- Born: November 1965 (age 60–61) Lewisham, London, England
- Occupations: Television production manager and executive
- Parents: Darcus Howe (father); Una Howe (mother);

= Tamara Howe =

British television production manager and executive (born 1965)

Tamara Howe (born November 1965) is a British television production manager and executive with more than 30 years' experience, including working at London Weekend Television, before joining BBC TV, where she held various posts, culminating with the role of Controller of Business, Comedy & Entertainment, Television.
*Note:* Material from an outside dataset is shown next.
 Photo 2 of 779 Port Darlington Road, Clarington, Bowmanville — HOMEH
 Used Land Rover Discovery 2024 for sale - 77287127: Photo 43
She featured in Powerlist 2013: Britain's Most Influential Black People, described as "one of the most influential people at the BBC".

==Early life==
Tamara Howe, daughter of Race Today editors Una Howe and Darcus Howe, was born in Lewisham, London.

==Career==
Howe's start in television was as a trainee production assistant at Bandung Productions (whose programmes included Channel 4's Bandung File, co-edited by Darcus Howe with Tariq Ali), and she was Director of Production at Granada from 1999 to 2002, during which time she was a founding member of the Cultural Diversity Network, working with other key broadcasters to improve representation on and off the screen, before joining BBC Current Affairs as Head of Production & Finance in 2003. She moved on to become Chief Operating Officer, BBC Children's (2006–12) where she was instrumental in moving Blue Peter to a smaller studio and then in 2012 became Controller Production Operations, Vision, with responsibility for such flagship programmes such as EastEnders, Top Gear, The One Show, Luther and Strictly Come Dancing.

In 2012, she was appointed the BBC's Controller of Business, Comedy & Entertainment, Television.

In Vice Media's restructuring of its UK-based TV and digital operations, Howe was brought in to oversee content in 2018.

Howe is a London Council member of the Prince's Trust, chairs the Edinburgh TV Festival Talent Schemes, and is a governor at Ravensbourne University London.